Work instruction: Any pictures in the records below must be left out when you repeat the lines from the line containing "hollyoaks, ethan" through the line containing "Image de Grille Pain Enfinigy 2S Argent" exactly.
START Data shown
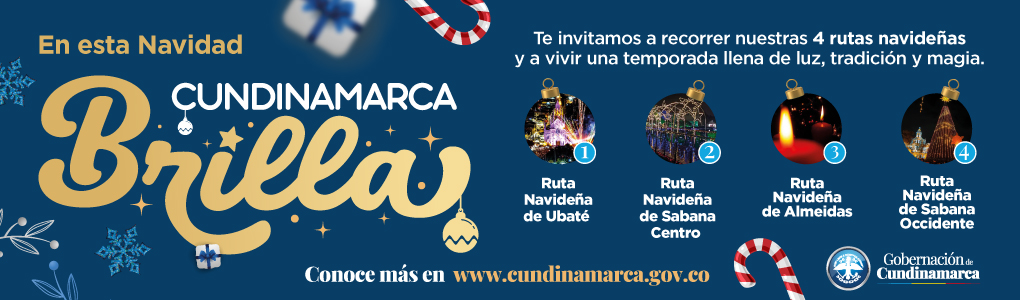 Banner Hor CundiBrilla 1020X300 RGB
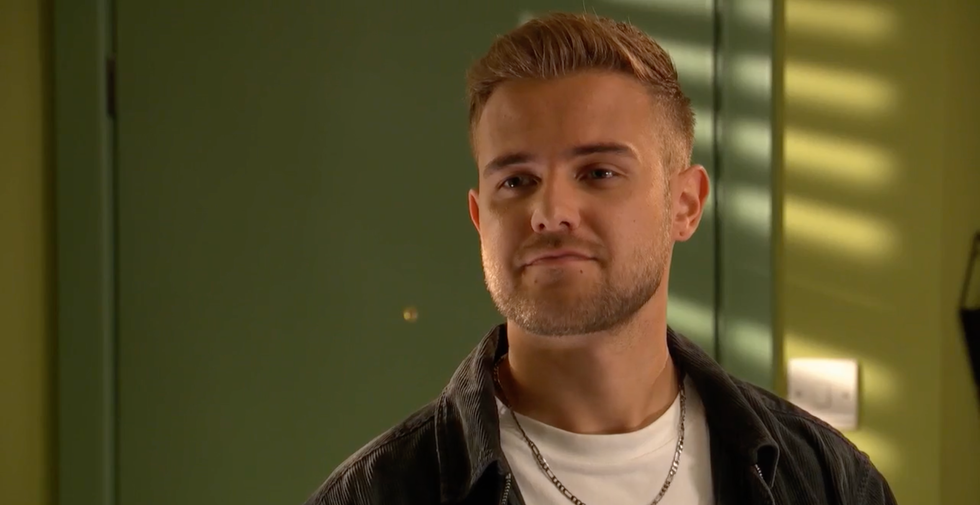 hollyoaks, ethan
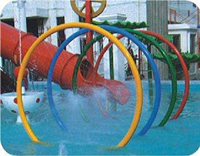 水上游乐设备-水上乐园厂家-大型游乐设备-旺明国际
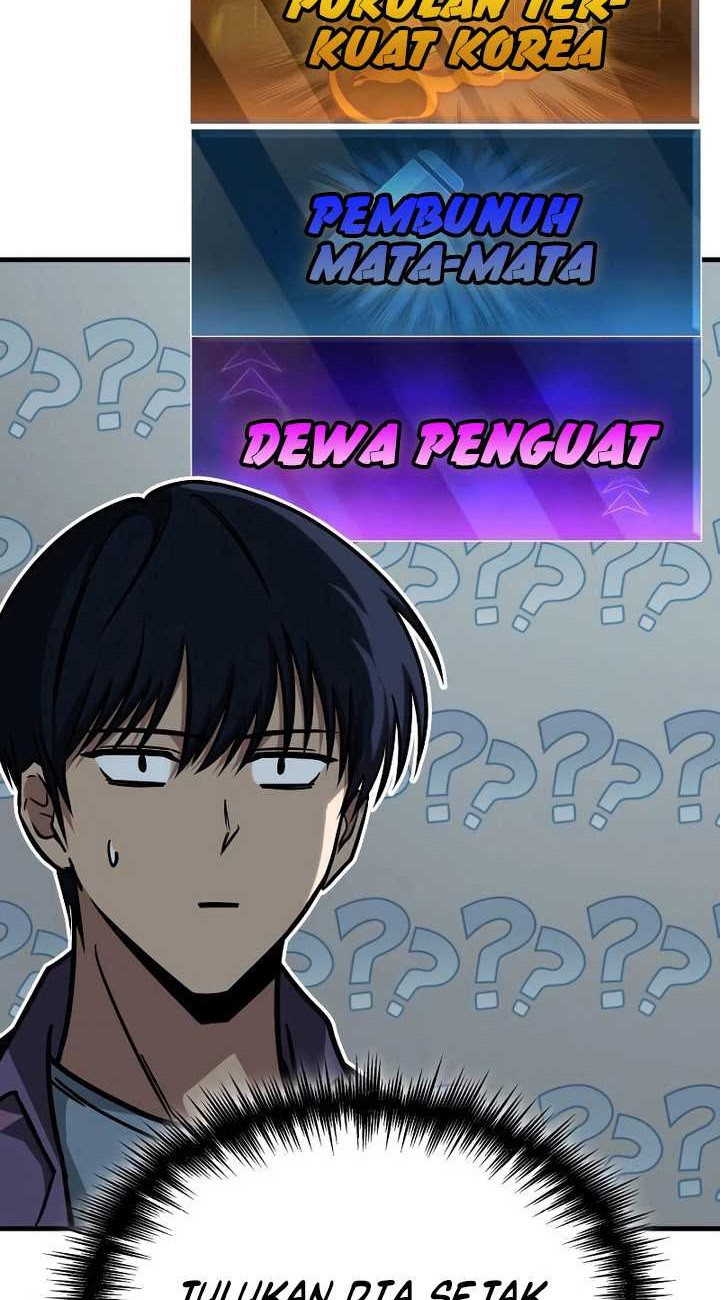 My Exclusive Tower Guide Chapter 28 Gambar 27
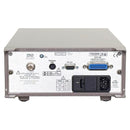 Keithley 2182A Nanovoltmeter, 2 Channel, 1 nV to 100 V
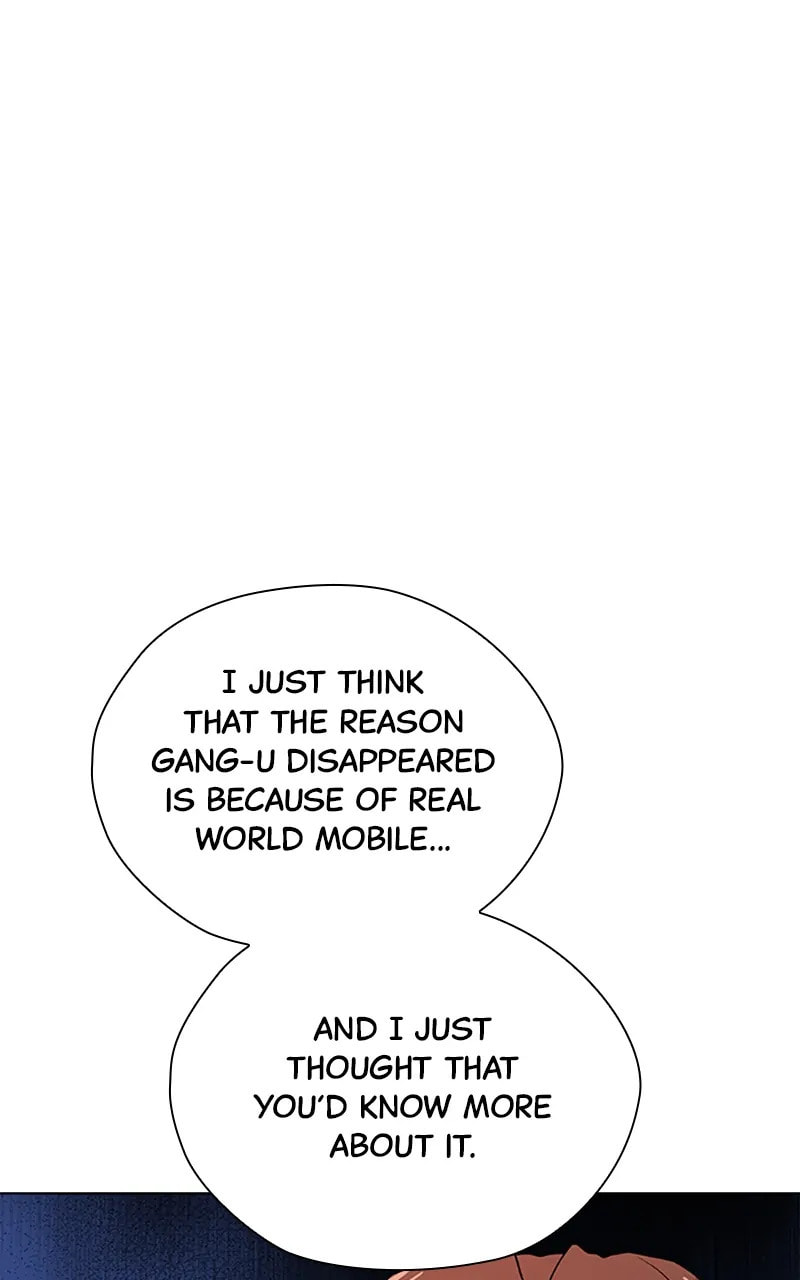 Read Real World Mobile chapter 91 image 23 on Lezhin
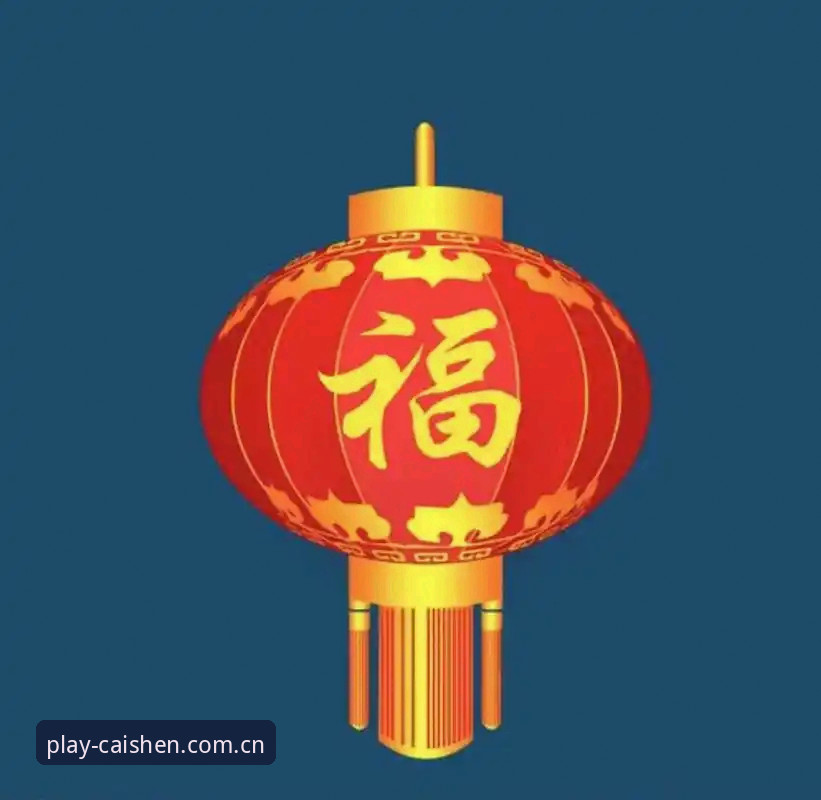5个关键步骤教你找到财神到游戏官方入口，老玩家实测避开3大常见陷阱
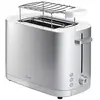 Image de Grille Pain Enfinigy 2S Argent
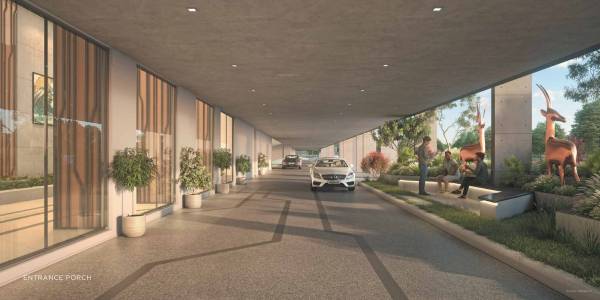  nirman-cosmopolis Others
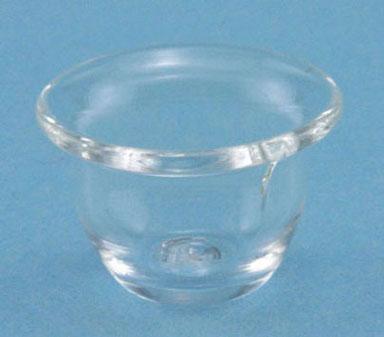 Image of Dollhouse Miniature Bowl FCA1175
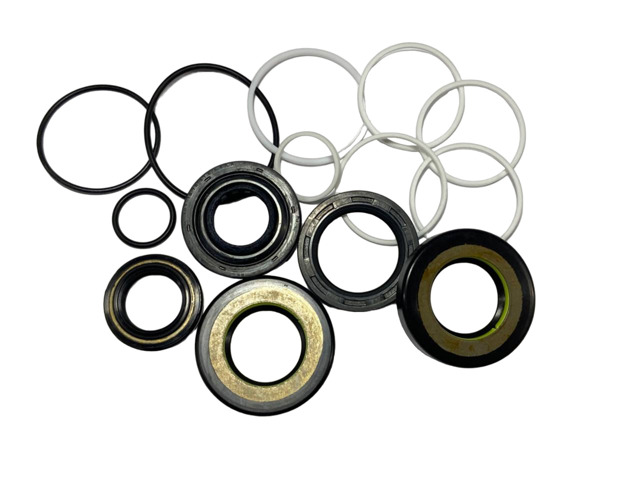 MS GROUP HO9009KIT в наличии Черновцы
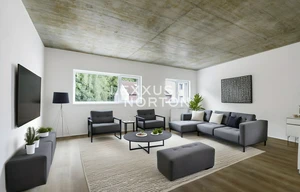 Apartment for sale, 3+kk - 2 bedrooms, 80m<sup>2</sup>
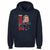 Santino Ferrucci Men's Hoodie | 500 LEVEL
END Data shown
Written answer:
 hollyoaks, ethan
 水上游乐设备-水上乐园厂家-大型游乐设备-旺明国际
 My Exclusive Tower Guide Chapter 28 Gambar 27
 Keithley 2182A Nanovoltmeter, 2 Channel, 1 nV to 100 V
 Read Real World Mobile chapter 91 image 23 on Lezhin
5个关键步骤教你找到财神到游戏官方入口，老玩家实测避开3大常见陷阱
 Image de Grille Pain Enfinigy 2S Argent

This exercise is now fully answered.